__ASSIGNED TASK__: Starting at the line that holds "18pcs Unique Dining", quote every line through the end of the records, both boundary lines included. Omit the pictures.

[Data excerpts]
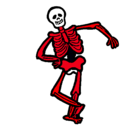 Dibujo Esqueleto contento pintado por emi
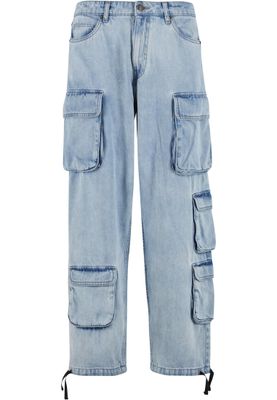 Multi Pocket Denim Cargo Byxor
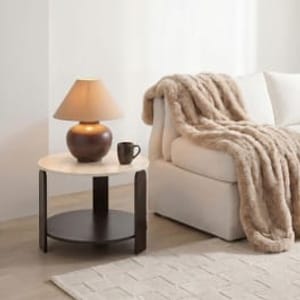 OHS Travertine Effect Two Layer round Sidetable - Dark Wood/Natural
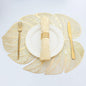 Evevda Gold Leaf Shaped Vinyl Placemats for Dinner Table Set of 6 Metallic Plastic Gold Place Mats Wipeable 6Pcs Table Mats for Wedding Annersary Dinner Table Decoration Mats(17.7x13.8inch/45x35cm)
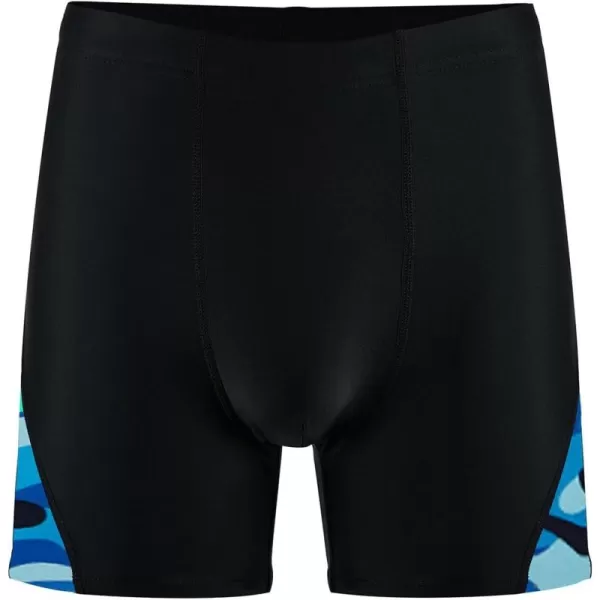 DEVOROPA Youth Boys Swim Shorts Square Leg Swimsuit Nylon Swimming Boxer Brief UPF 50BlackWave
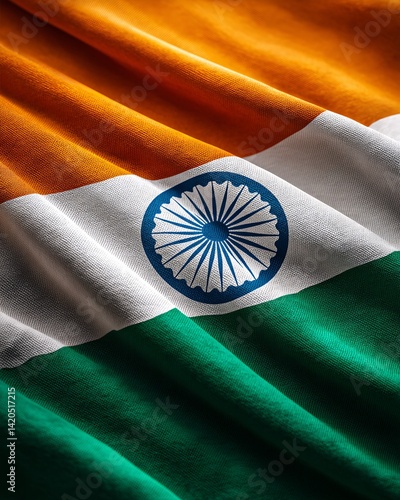 Indian National Flag with Vibrant Colors and Texture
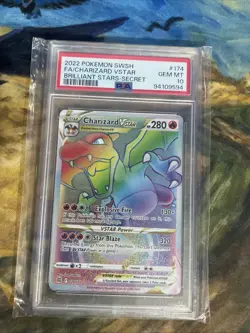2022 POKEMON SWORD & SHIELD BRILLIANT STARS #174 FULL ART/CHARIZARD VSTAR PSA 10 - Image 1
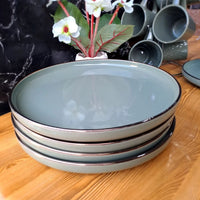 18pcs Unique Dining Set Army Green Dinnerware Sets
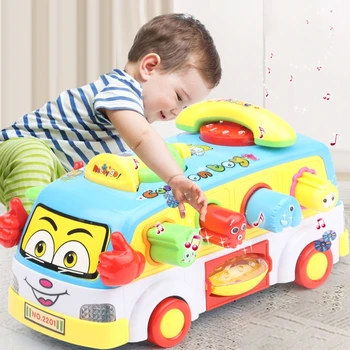Otroška Igrača Zabavno Avtobus Udarec In Šel Avto Predvajate glasbo, luči, Zgodnje Izobraževanje za 2 - 3 Leta Starih Dekleta Fantje Toddlers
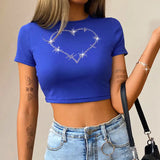 T-shirt orné de strass style années 2000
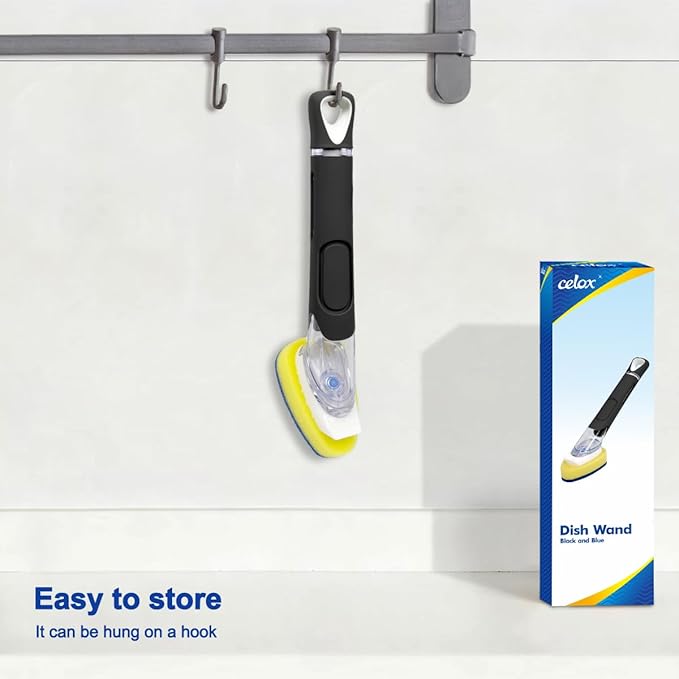 CELOX Dish Wand for Kitchen Sink Cleaning, Dish Scrubber with Soap Dispenser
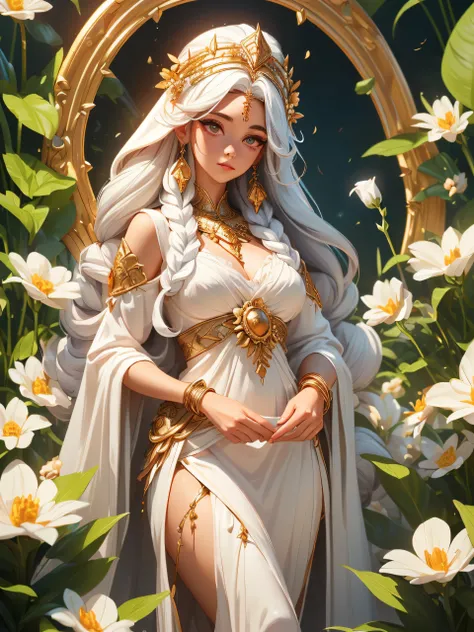 (( a close body portrait of a mystical divinity Greek goddess Persephone  wearing a long white gown robe, headdress adorned with flowers and vegetation.)), (she has dark white hair and she is picking flowers in a flower garden), (her role as the goddess of...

__RESULT__:
 18pcs Unique Dining Set Army Green Dinnerware Sets
Otroška Igrača Zabavno Avtobus Udarec In Šel Avto Predvajate glasbo, luči, Zgodnje Izobraževanje za 2 - 3 Leta Starih Dekleta Fantje Toddlers
 T-shirt orné de strass style années 2000
 CELOX Dish Wand for Kitchen Sink Cleaning, Dish Scrubber with Soap Dispenser
 (( a close body portrait of a mystical divinity Greek goddess Persephone  wearing a long white gown robe, headdress adorned with flowers and vegetation.)), (she has dark white hair and she is picking flowers in a flower garden), (her role as the goddess of...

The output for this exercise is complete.